In this base sample app, there are two render passes. First render pass stores geometry information to separate textures and the second render pass applies shading information using textures with geometry.

The base app needs to be optimized by combining the two render passes.
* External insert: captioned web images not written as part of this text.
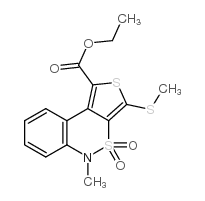 cas no 175276-42-3 is Ethyl 5-methyl-3-(methylthio)-4,4-dioxo-4,5-dihydro-4lambda6-benzo[c]thieno[3,4-e][1,2]thiazine-1-carboxylate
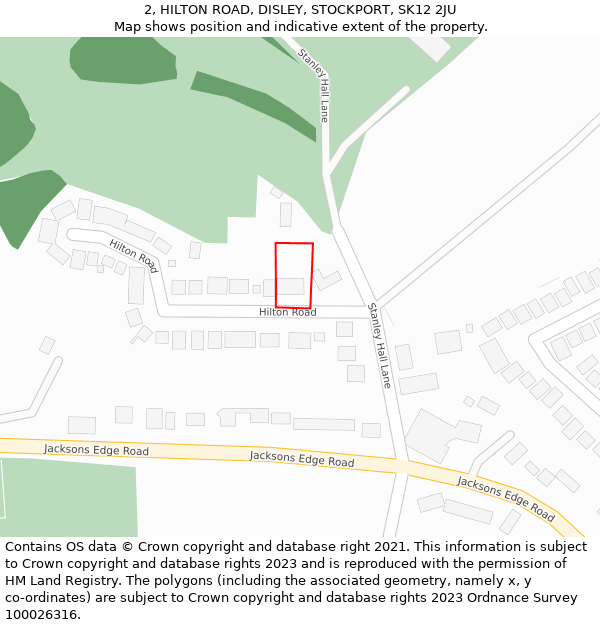 2, HILTON ROAD, DISLEY, STOCKPORT, SK12 2JU: Location map and indicative extent of plot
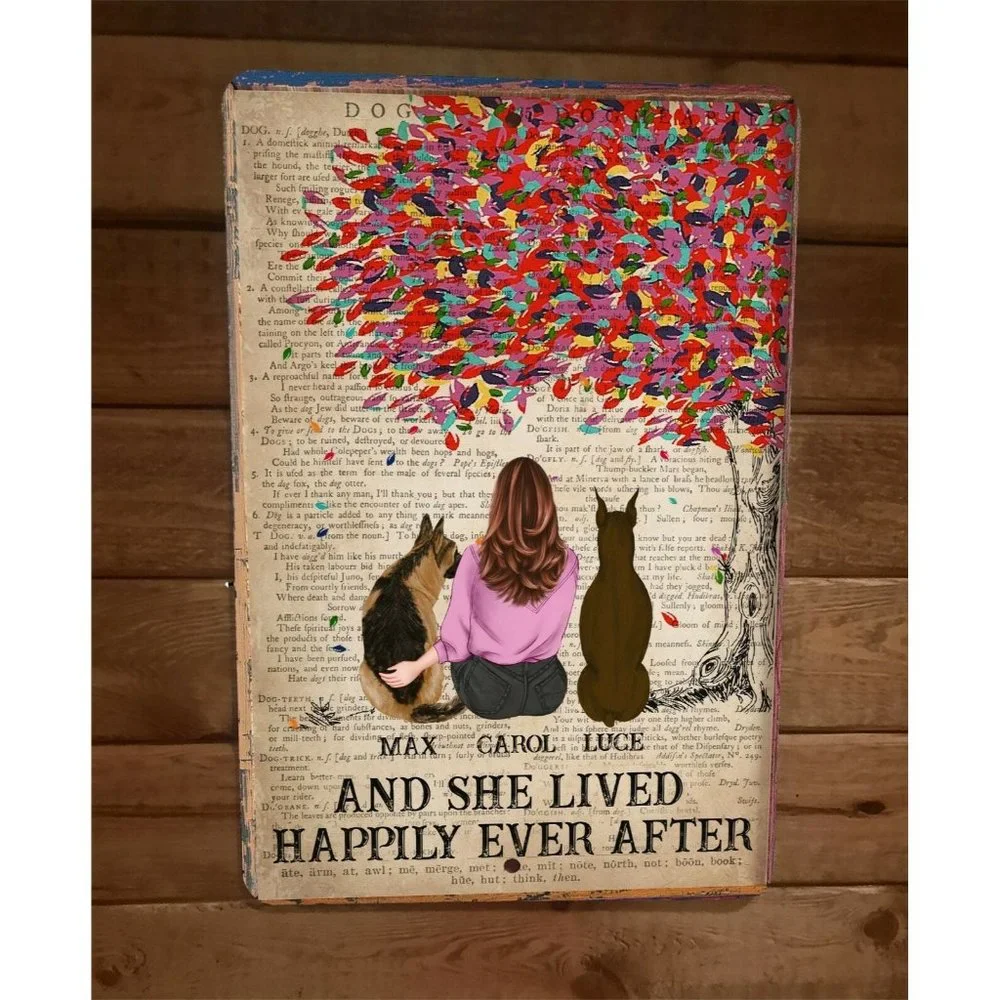 And She Lived Happily Ever‎ After Books Dogs 8x12 Metal Wall Sign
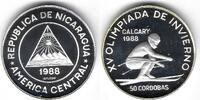 Nicaragua 50 Cordobas J.O. de Cagliary (Ski) -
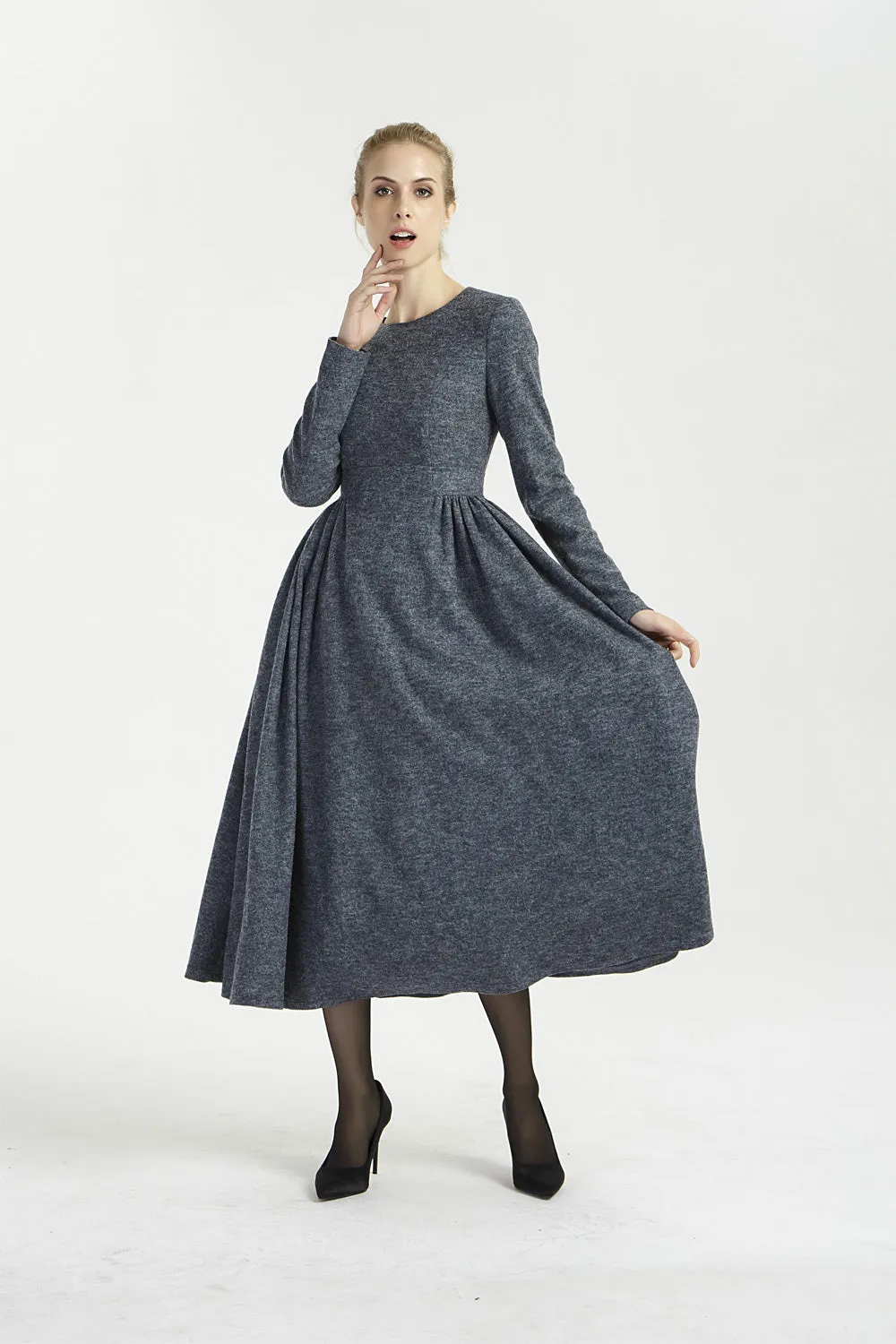 dark gray maxi fit and flare wool dress 2002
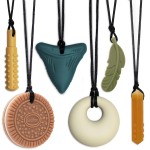 Chew Necklaces for Sensory Kids, Sensory Chewy Toys for Boys with Autism, ADHD, SPD, Chewing, Silicone Chewing Necklace Reduce Adult Anxiety Fidgeting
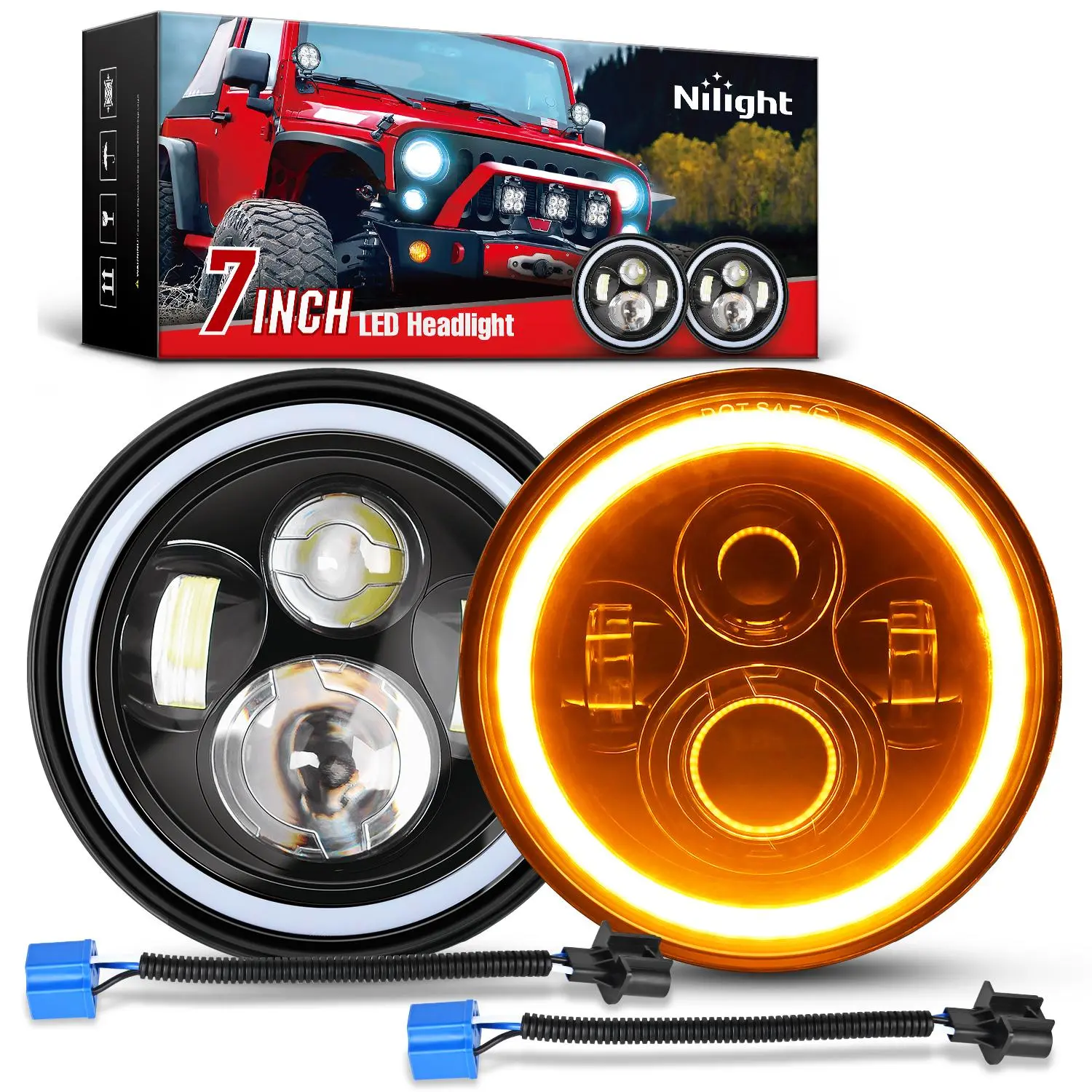 Nilight 2PCS 7in Waterproof High Lumen LED Halo Headlights - Amber White DRL, Turn Signal, High Low Beam Round Headlamps for 2007-2018 Wrangler JK JKU, 1997-2006 TJ Rubicon Sahara, Motorbikes, Headlight Waterproof, High Lumen Headlight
That is, the first subpass will be the same as before but the second subpass will get the output of the first subpass as input attachment.

Figure 14 Single pass vs Multi pass

Figure 14 Single pass vs Multi pass

B. Implementing Multi pass

Step 1. Open Visual Studio and select 4-MULTIPASS in the sample project.

Figure 15 Launch 4-MULTIPASS

Figure 15 Launch 4-MULTIPASS

Alternatively, run the sample app using the command prompt with the following command: cmake\build-step4.bat

Step 2. Find the modified code under ENABLE_MULTIPASS macro as seen below.

#elif defined(ENABLE_MULTIPASS)
     vkCmdNextSubpass(cmd, VK_SUBPASS_CONTENTS_INLINE);
	 ApplyLightingMultipass(cmd);
	 framebufferFinal[frameBufferIndex]->End(cmd);
#endif

Step 3. Using the GPU Watch, check the performance of the optimized sample app.

C. Results

With multi pass, the FPS improved from 10 to 59-60 FPS which is about 500% improvement.

Figure 16 Launch 4-MULTIPASS

Figure 16 Launch 4-MULTIPASS

5. Performance Comparison

In this Code Lab, two optimization cases were implemented and examined for rendering with Vulkan API. In summary, the proper pipeline barrier usage increased the performance by about 15%. Moreover, changing rendering approach to multi pass improved the performance by 500% and reduced total GPU load to about 70%.

Figure 17 Performance Results Summary

Figure 17 Performance Results Summary

Appendix

  1. 1. Set environment variables:

    • JAVA_HOME to point to JDK installation

    • NDK_ROOT to point to Android NDK installation

    • ANDROID_HOME to point to Android SDK installation

    • Add to PATH CMake bin folder

    • Add to PATH Ninja installation folder (or copy ninja.exe to CMake bin folder)

    • Add to PATH %JAVA_HOME%\bin

    • Add to PATH %ANDROID_HOME%\tools and %ANDROID_HOME%\platform-tools

  2. 2. How to build and launch project from Visual Studio:

    • Connect mobile device for testing

    • Select one of the configurations (1-BASE, 2-BARRIERS, etc.)

    • Select menu "Debug / Start Without Debugging" (or press Ctrl+F5)

    • This will build, upload and launch application on the connected device

    • Notice: Visual Studio may tell that deploy failed - this error can be ignored

  3. 3. How to build and launch project from terminal:

    • Run <ShowcaseRoot>/cmake/build-stepN.bat where N is the showcase configuration step.

    • Run <ShowcaseRoot>/cmake/deploy.bat to upload APK to device.

    Note

    The next steps are only needed for simplification for Code Lab attendees

  4. 4. How to add "Launch showcase" button to Visual Studio:

    • Go to menu "Tools / Customize / Commands"

    • Select "Toolbar" and "Standard"

    • Click "Add Command"

    • Pick "Debug / Start Without Debugging"

    • Press "Ok"

    • Select newly added item and click "Modify Selection"

    • Change "Name" to "Launch showcase" and select style "Image and Text"

    • Position of the item can be modified by "Move Down" and "Move Up"

  5. 5. How to add "Toggle GPUWatch" button to Visual Studio:

    • Go to menu "Tools / External Tools"

    • Click "Add"

    • Change "Title" to "Toggle GPUWatch"

    • Change "Command" to \cmake\toggle_gpuwatch.bat

    • Remember position of newly added command (first index is 1)

    • Press "Ok"

    • Go to menu "Tools / Customize / Commands"

    • Select "Toolbar" and "Standard"

    • Click "Add Command"

    • Pick "Tools / External Command N", where N is the index of the command added earlier

    • Press "Ok"